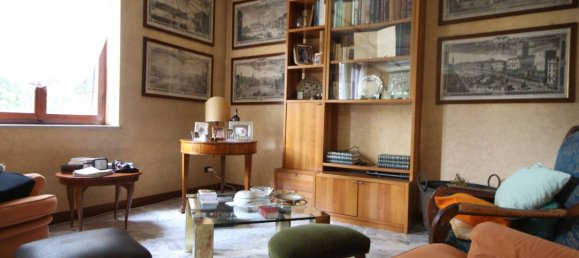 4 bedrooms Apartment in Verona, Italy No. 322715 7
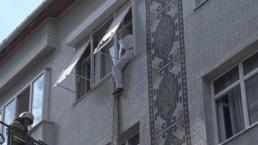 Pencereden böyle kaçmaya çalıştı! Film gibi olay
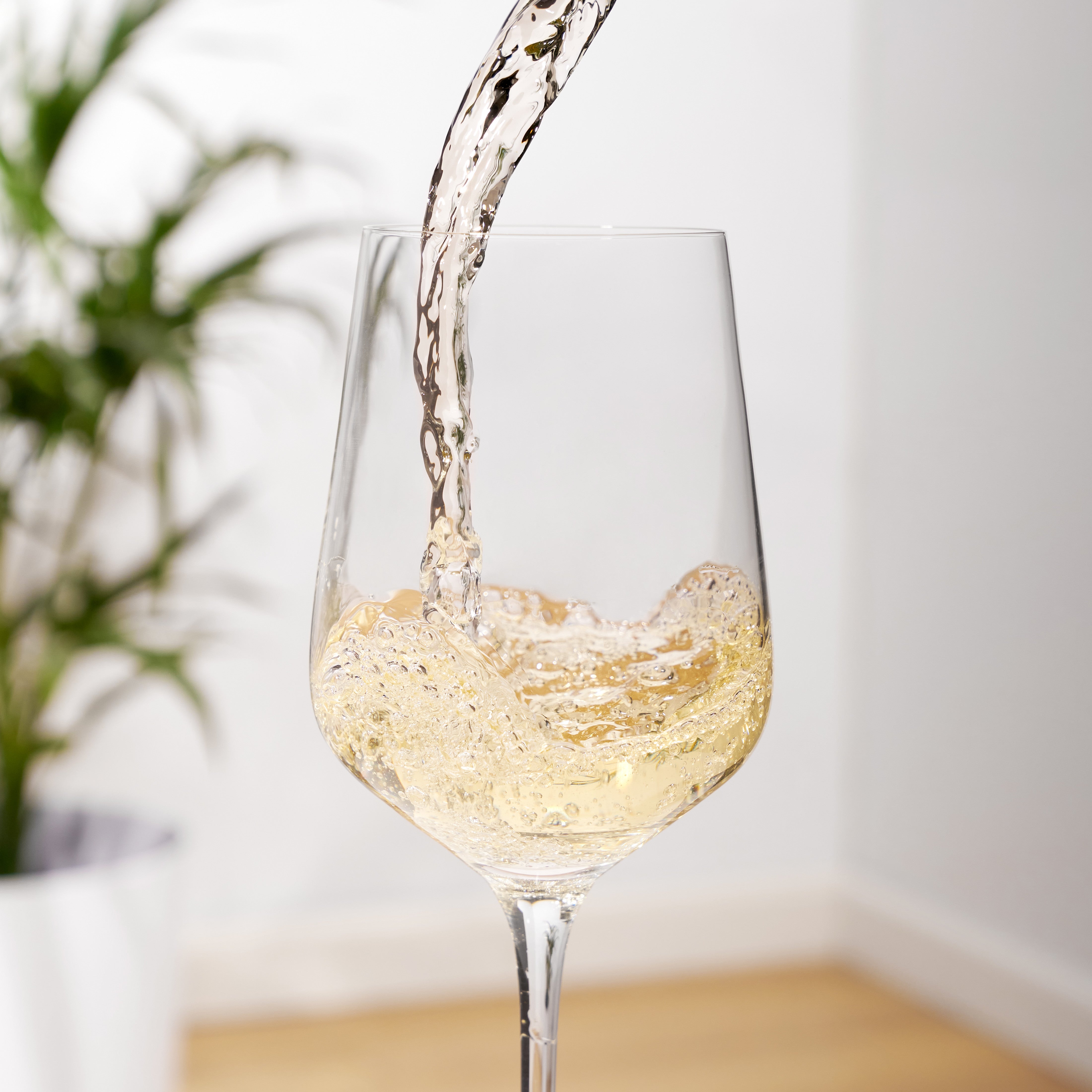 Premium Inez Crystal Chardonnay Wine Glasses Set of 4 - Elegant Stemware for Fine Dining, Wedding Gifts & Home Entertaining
^^^^
What is expected:
Set the whole listing down again unchanged, apart from the pictures, which are omitted.

Answer for this exercise:
 4 bedrooms Apartment in Verona, Italy No. 322715 7
 Pencereden böyle kaçmaya çalıştı! Film gibi olay
 Premium Inez Crystal Chardonnay Wine Glasses Set of 4 - Elegant Stemware for Fine Dining, Wedding Gifts & Home Entertaining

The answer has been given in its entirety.